─── Exercise inputs

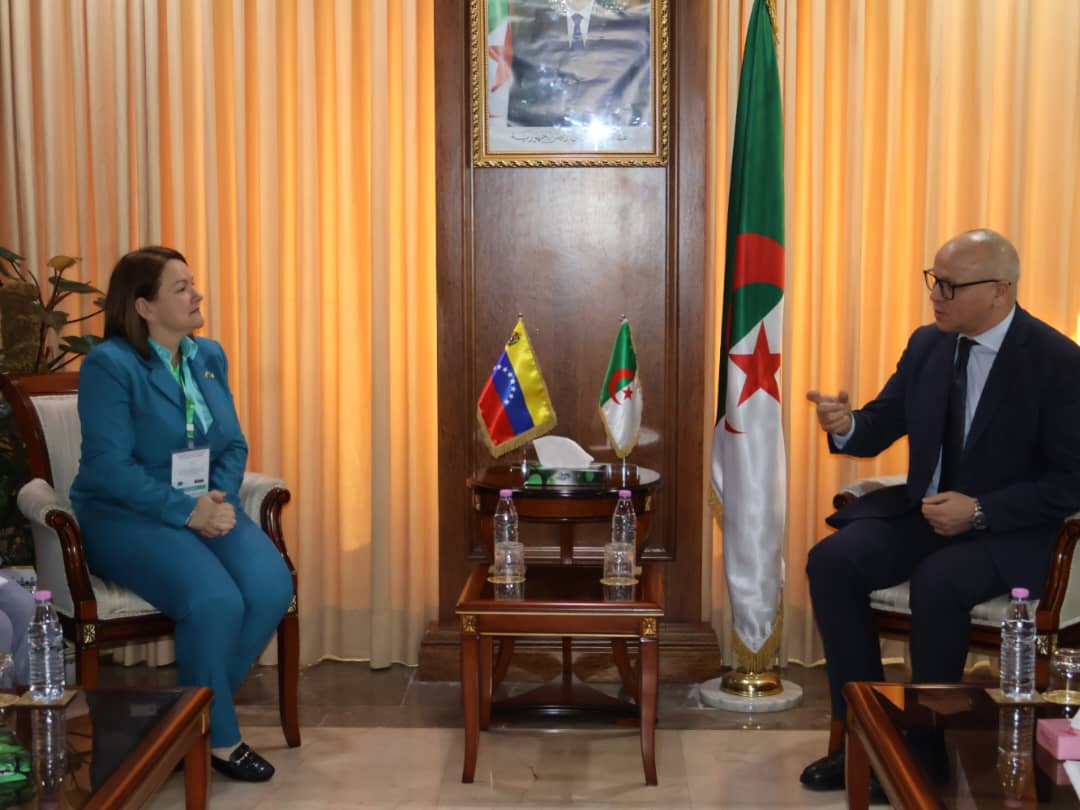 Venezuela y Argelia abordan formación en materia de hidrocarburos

──────
─── Exercise inputs

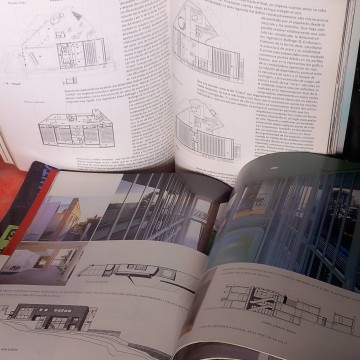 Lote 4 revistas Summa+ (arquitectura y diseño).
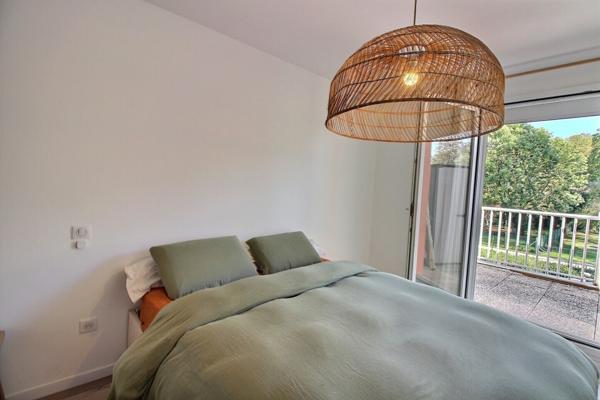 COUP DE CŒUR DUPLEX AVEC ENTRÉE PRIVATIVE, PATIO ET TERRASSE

──────

## [Action item]
Set down again, word for word, every line from the one with "Lote 4 revistas" to the one with "COUP DE CŒUR" in the entries above, and omit the pictures.

## [Written answer]
 Lote 4 revistas Summa+ (arquitectura y diseño).
 COUP DE CŒUR DUPLEX AVEC ENTRÉE PRIVATIVE, PATIO ET TERRASSE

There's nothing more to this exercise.